TASK OBJECTIVE> Print the listing exactly as it stands. Skip every picture.

RECORDS SHOWN>

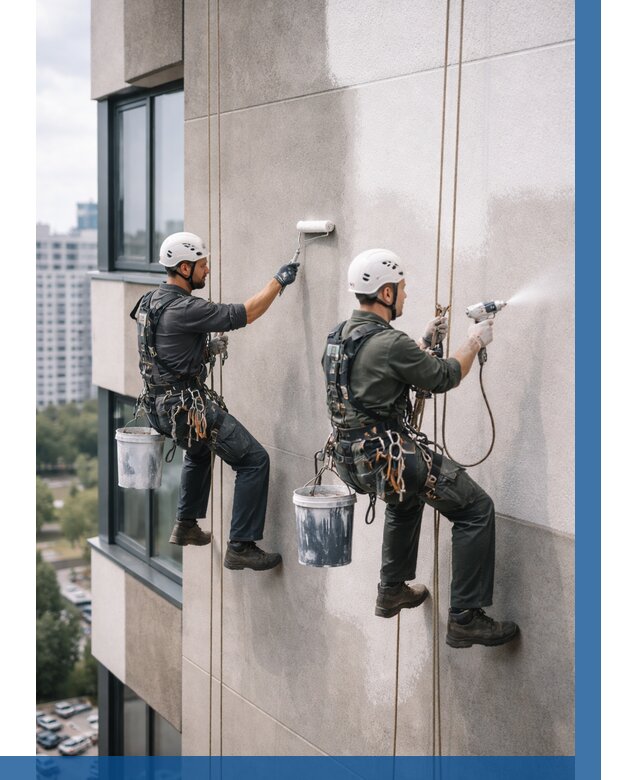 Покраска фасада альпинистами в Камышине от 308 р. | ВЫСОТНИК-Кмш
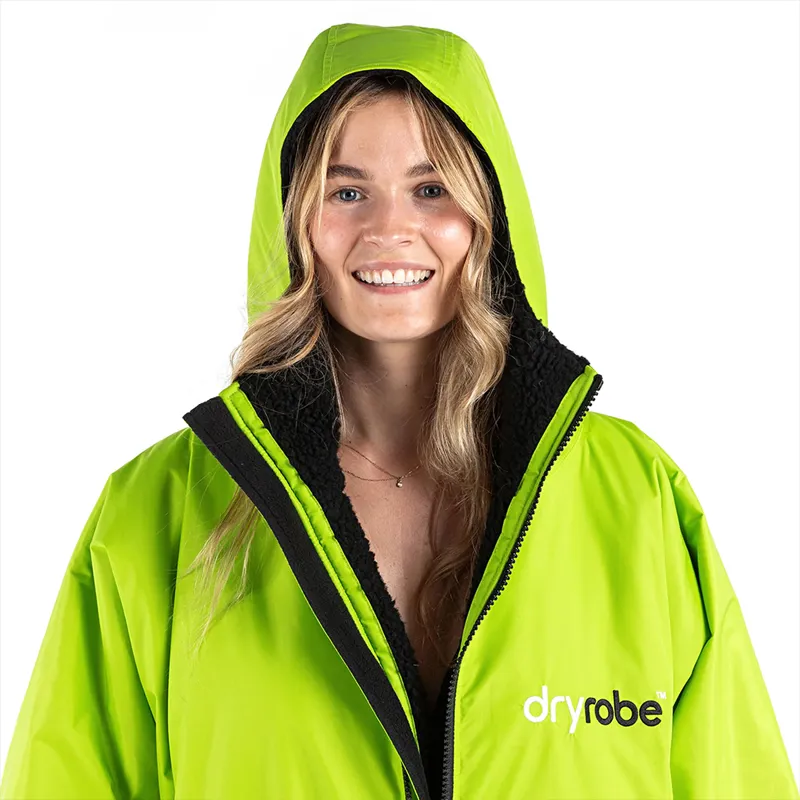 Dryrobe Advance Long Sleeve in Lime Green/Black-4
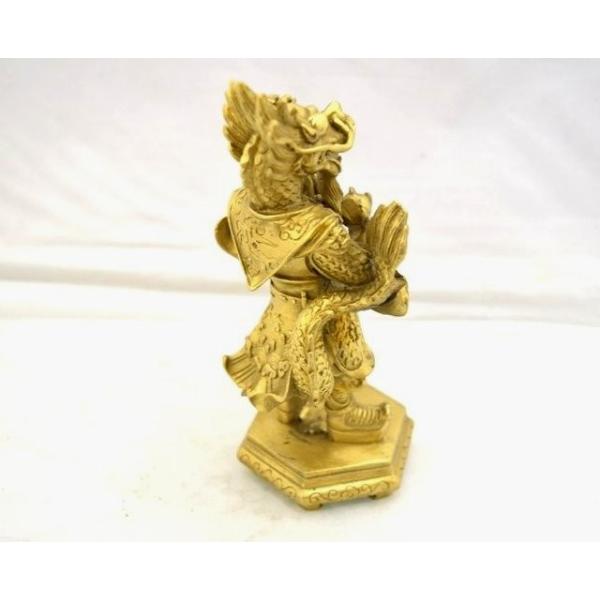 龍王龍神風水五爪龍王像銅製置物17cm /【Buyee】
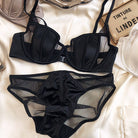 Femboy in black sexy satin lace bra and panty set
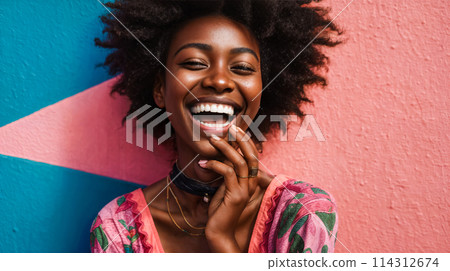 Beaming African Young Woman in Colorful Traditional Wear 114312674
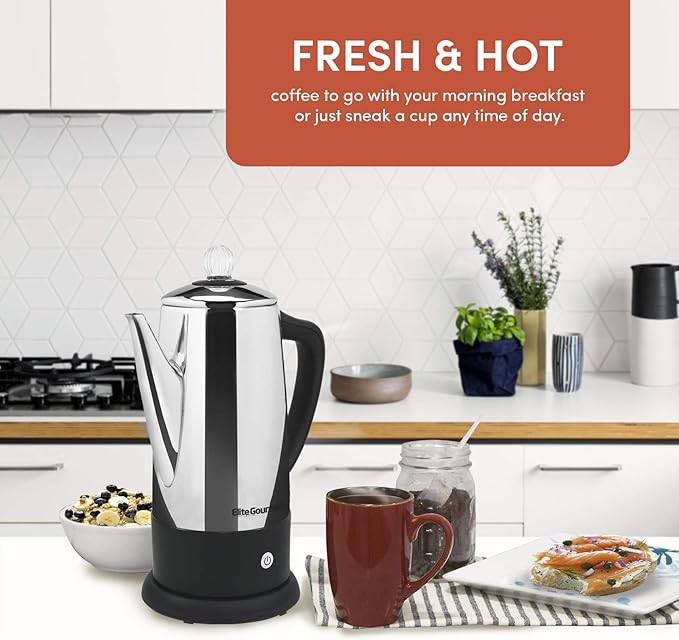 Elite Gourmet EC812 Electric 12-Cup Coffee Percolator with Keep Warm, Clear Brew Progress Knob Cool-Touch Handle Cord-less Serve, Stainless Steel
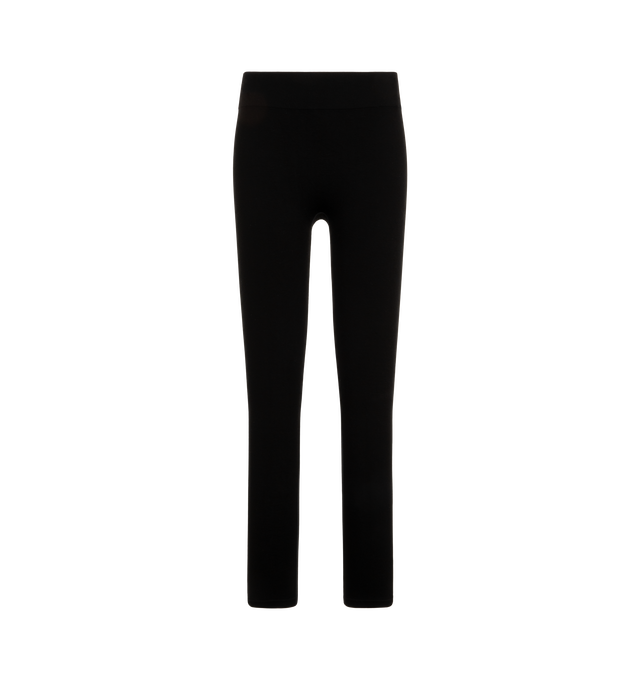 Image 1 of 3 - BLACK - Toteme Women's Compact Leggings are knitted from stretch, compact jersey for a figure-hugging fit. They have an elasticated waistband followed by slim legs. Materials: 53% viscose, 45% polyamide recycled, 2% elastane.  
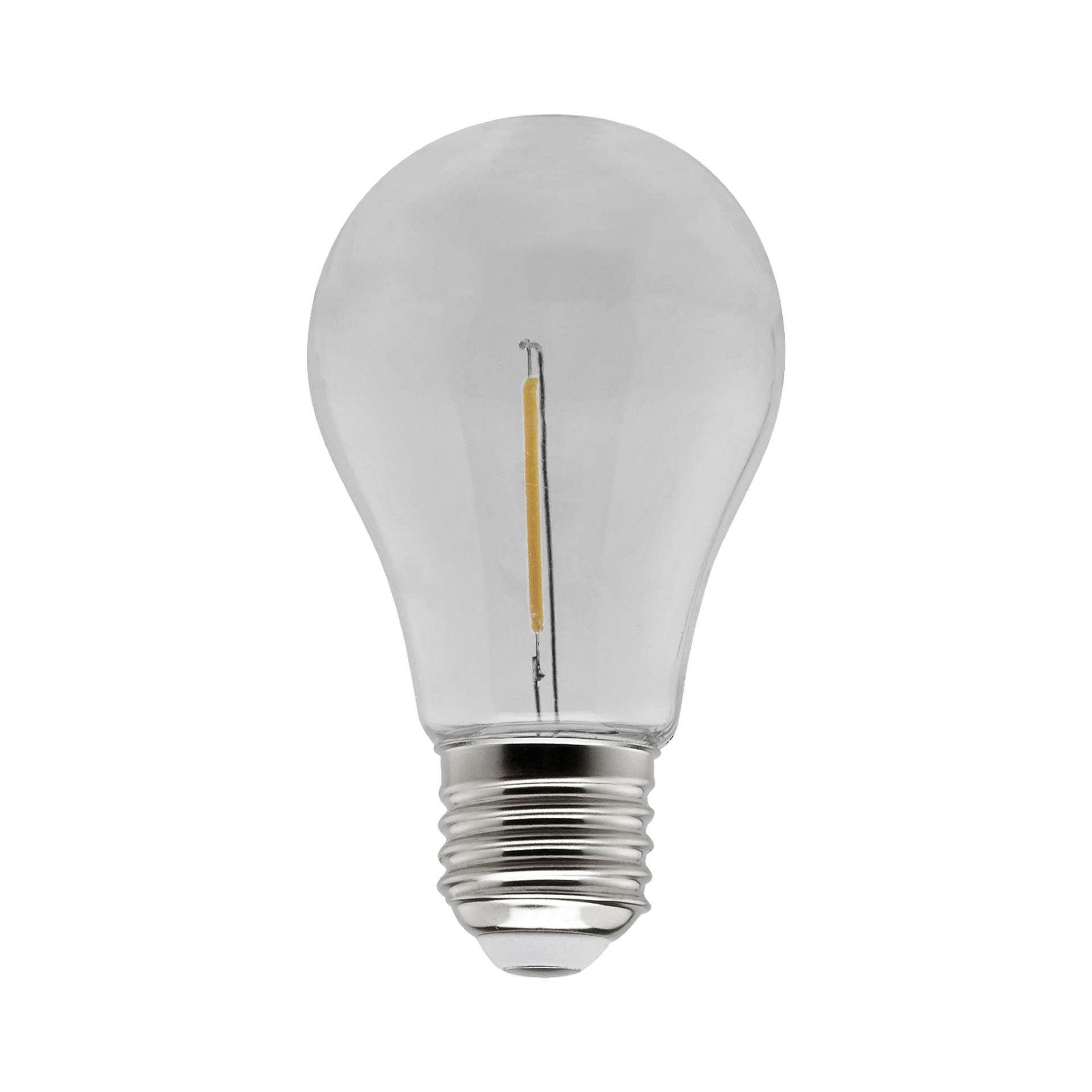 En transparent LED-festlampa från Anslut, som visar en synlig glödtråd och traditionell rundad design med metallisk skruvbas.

ANSWER TO THIS EXERCISE>
 Покраска фасада альпинистами в Камышине от 308 р. | ВЫСОТНИК-Кмш
 Dryrobe Advance Long Sleeve in Lime Green/Black-4
 龍王龍神風水五爪龍王像銅製置物17cm /【Buyee】
 Femboy in black sexy satin lace bra and panty set
 Beaming African Young Woman in Colorful Traditional Wear 114312674
 Elite Gourmet EC812 Electric 12-Cup Coffee Percolator with Keep Warm, Clear Brew Progress Knob Cool-Touch Handle Cord-less Serve, Stainless Steel
 Image 1 of 3 - BLACK - Toteme Women's Compact Leggings are knitted from stretch, compact jersey for a figure-hugging fit. They have an elasticated waistband followed by slim legs. Materials: 53% viscose, 45% polyamide recycled, 2% elastane.  
 En transparent LED-festlampa från Anslut, som visar en synlig glödtråd och traditionell rundad design med metallisk skruvbas.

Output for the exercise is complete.